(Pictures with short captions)
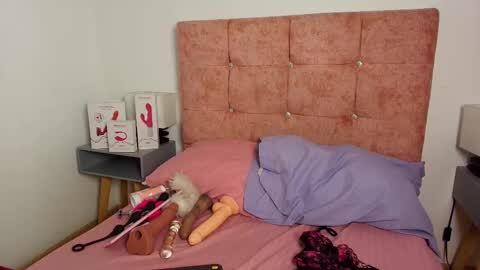 skye moore online show from 14, 10, 2025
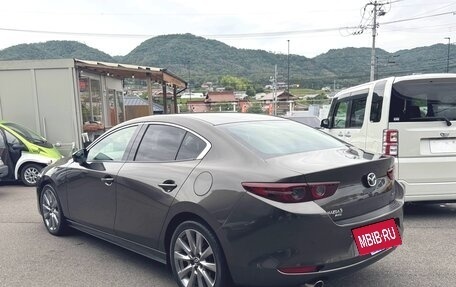 Mazda 3, 2023 год, 1 200 000 рублей, 5 фотография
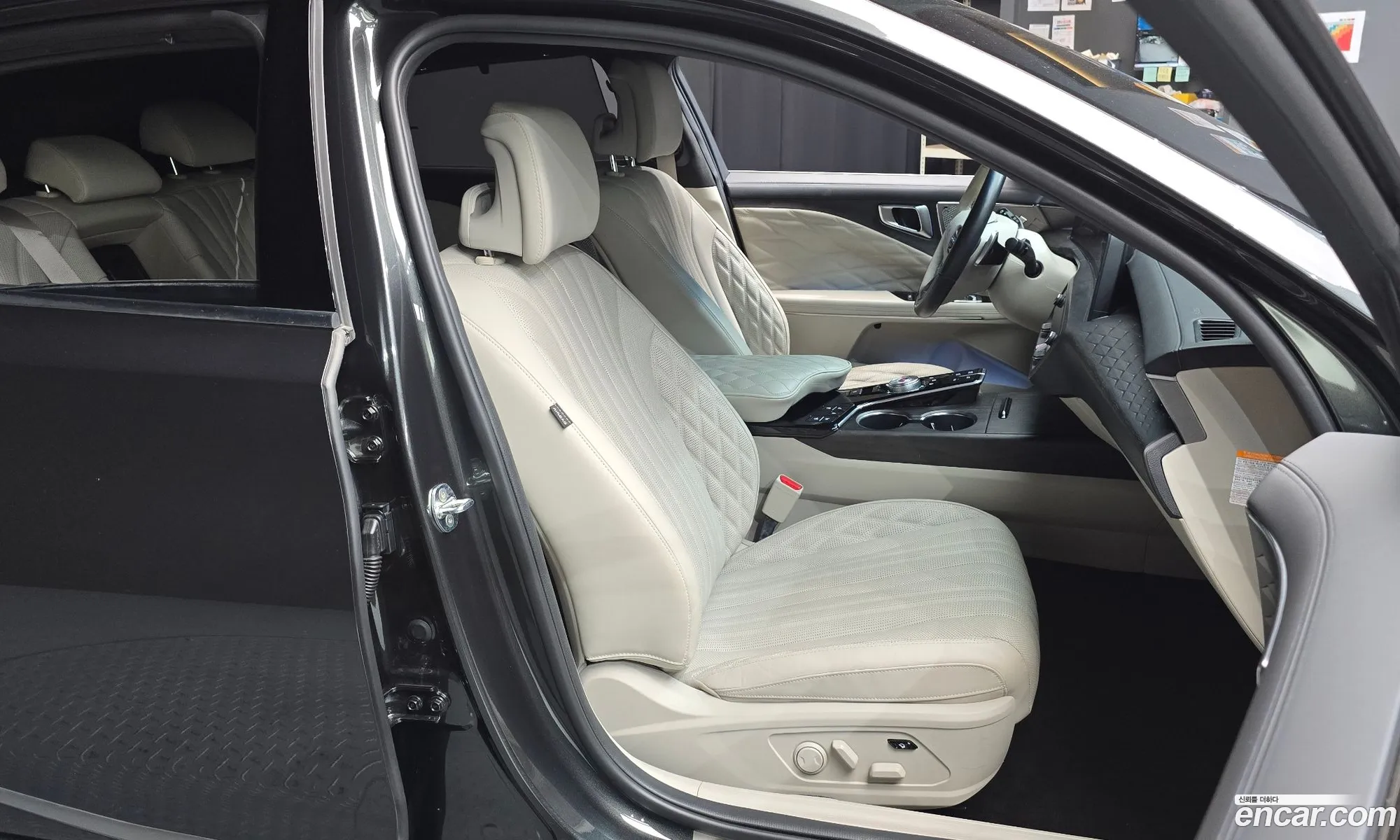 Kia K8 Hybrid 2022 — 10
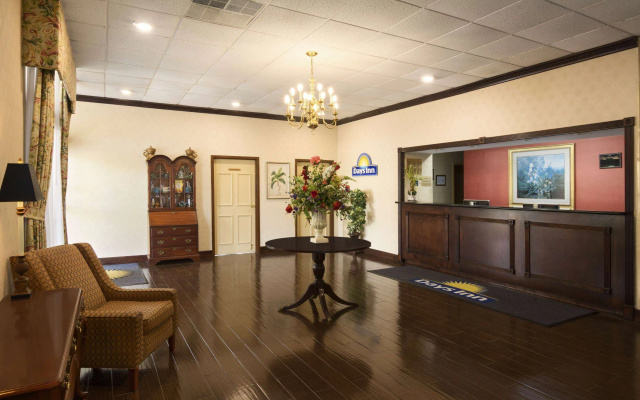 Days Inn by Wyndham Rome Downtown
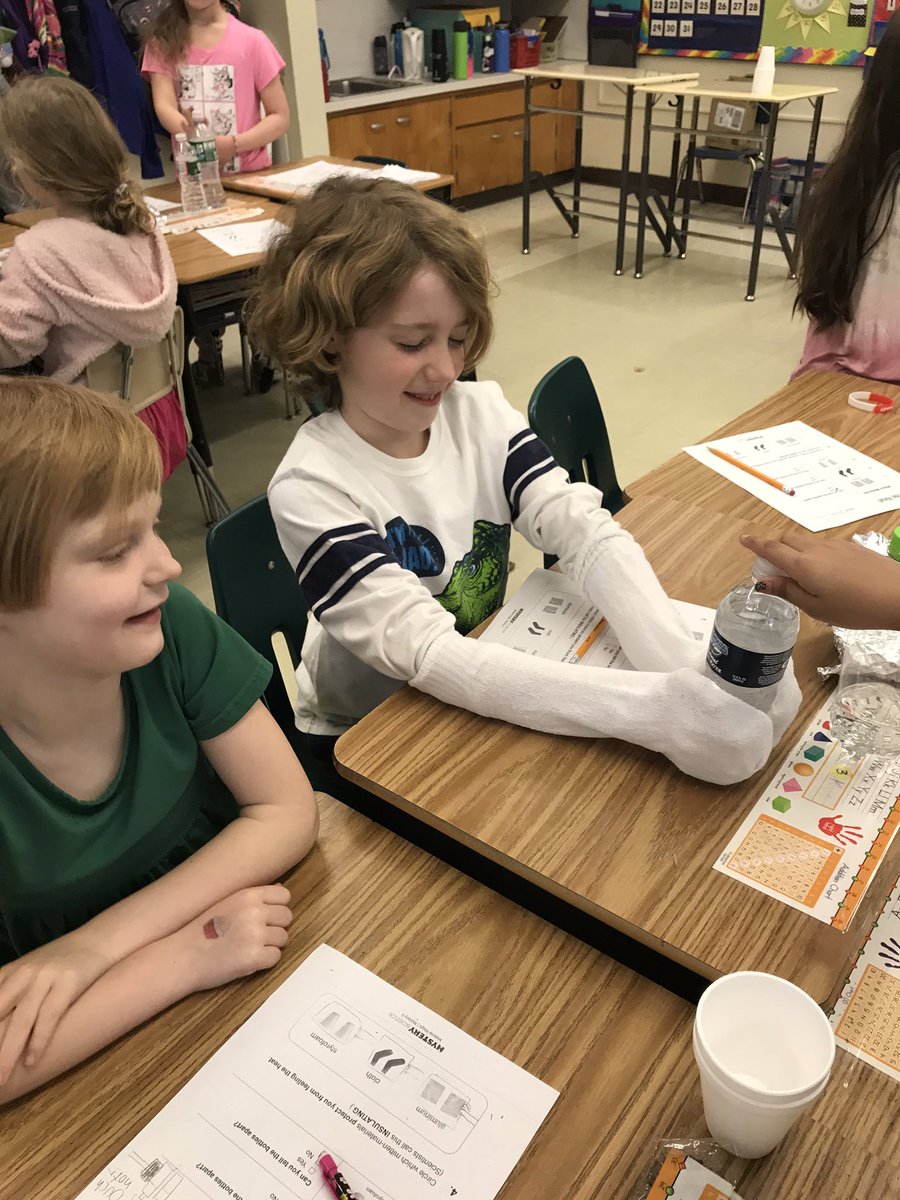 MrsBattgrade2's tweet photo. We are working on what materials are #insulating. Socks? Foil? Styrofoam?? @ChpsTweets @bret_es @MysterySci https://t.co/Op0IMwbIXE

Work required:
Without the pictures, give back every record precisely as shown.

Result of the task:
 skye moore online show from 14, 10, 2025
 Mazda 3, 2023 год, 1 200 000 рублей, 5 фотография
 Kia K8 Hybrid 2022 — 10
 Days Inn by Wyndham Rome Downtown
 MrsBattgrade2's tweet photo. We are working on what materials are #insulating. Socks? Foil? Styrofoam?? @ChpsTweets @bret_es @MysterySci https://t.co/Op0IMwbIXE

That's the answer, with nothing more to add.